Transcribe the entries below exactly; leave every image out.
** EXTRACTED ENTRIES follows **
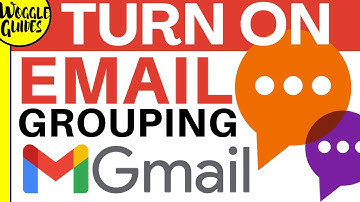 Gmail - Change individual emails into threaded email groups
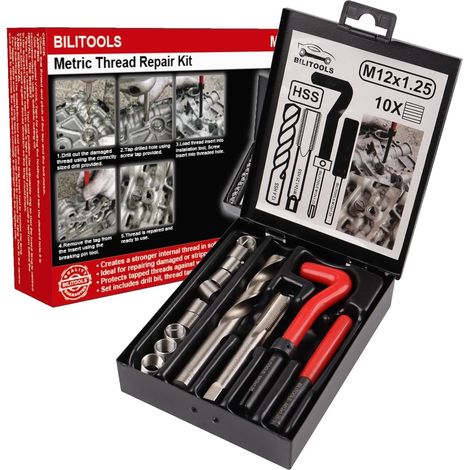 M12x1,25 Kit Réparation Filetage (1/5)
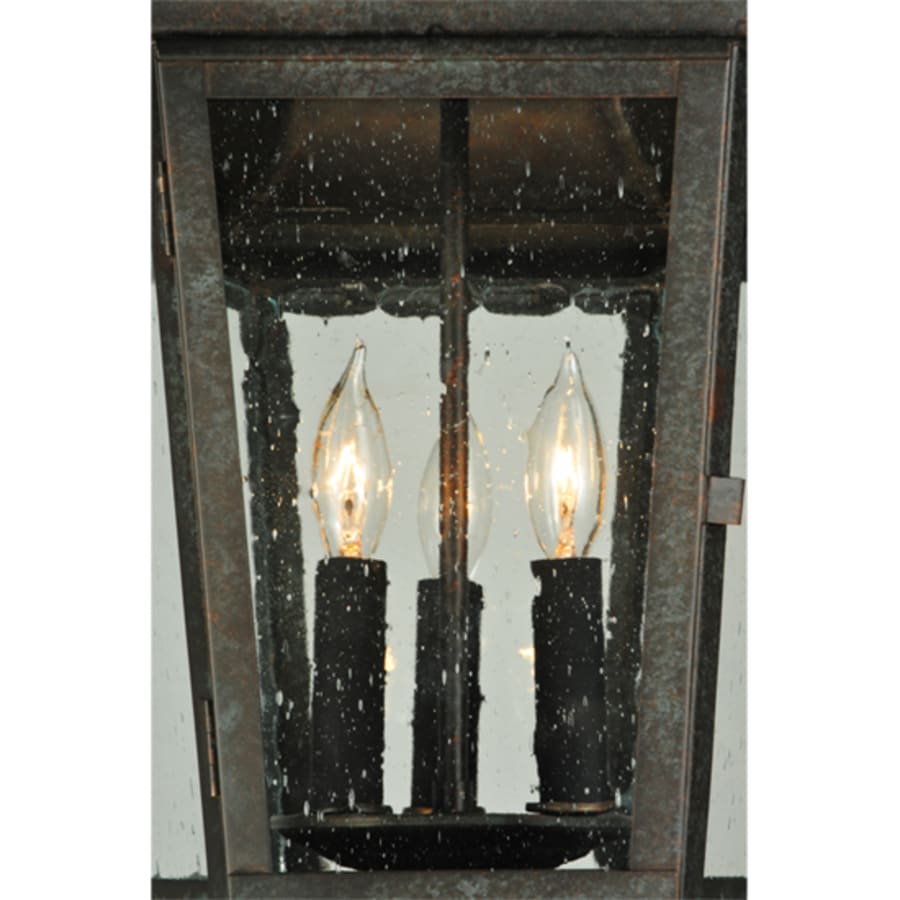 Tiamo 3-Light 15" Wide Taper Candle Pendant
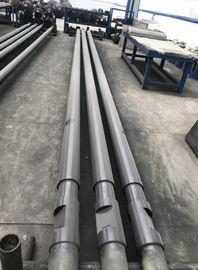 4&quot; longitud de acero roscada R3 de las herramientas de perforación de DTH 13,5 metros con la llave plana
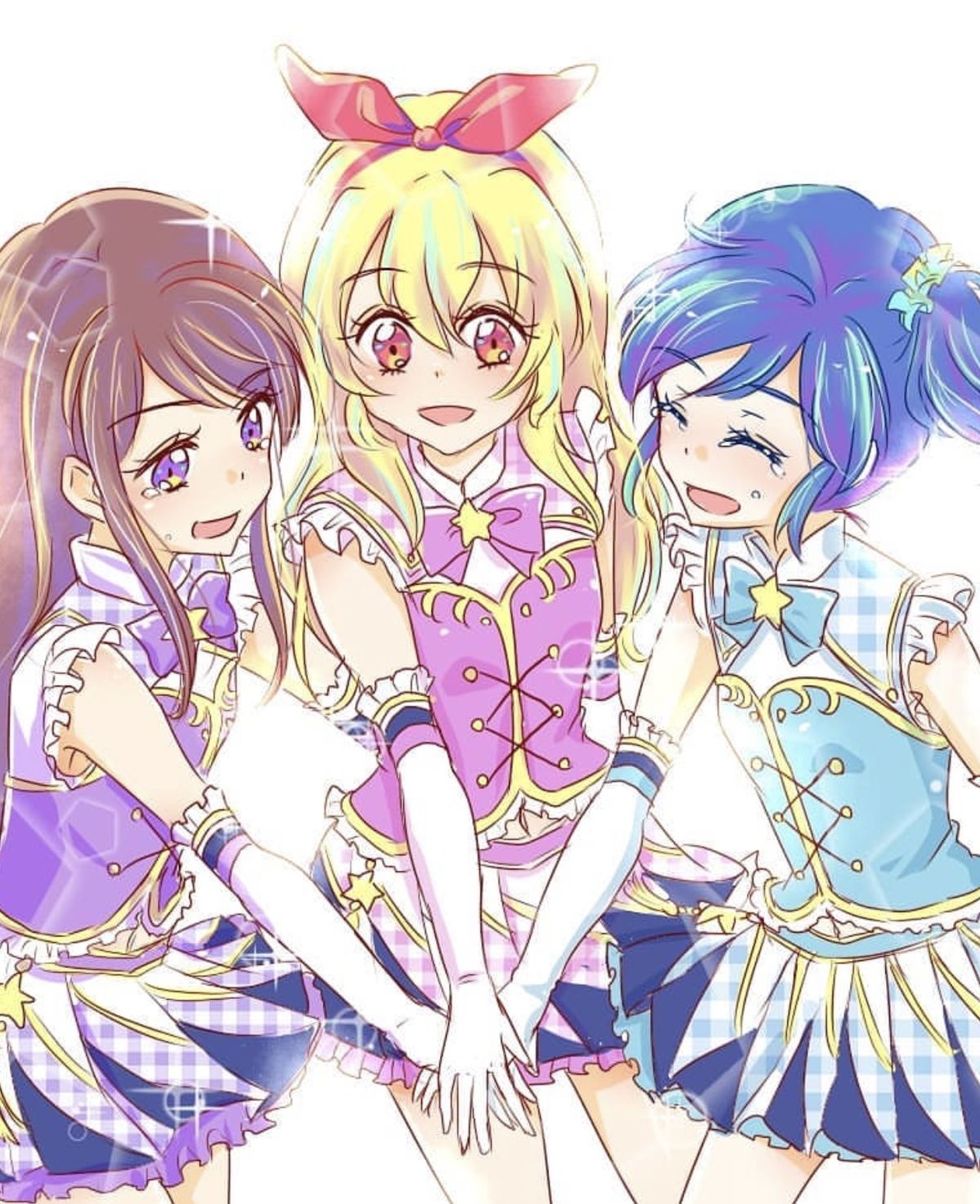 Aikatsu! Illustration Image by Chijiwa Sawa page 8 full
** End of EXTRACTED ENTRIES **
== OUTPUT FOR THIS EXERCISE ==
 Gmail - Change individual emails into threaded email groups
 M12x1,25 Kit Réparation Filetage (1/5)
 Tiamo 3-Light 15" Wide Taper Candle Pendant
 4&quot; longitud de acero roscada R3 de las herramientas de perforación de DTH 13,5 metros con la llave plana
 Aikatsu! Illustration Image by Chijiwa Sawa page 8 full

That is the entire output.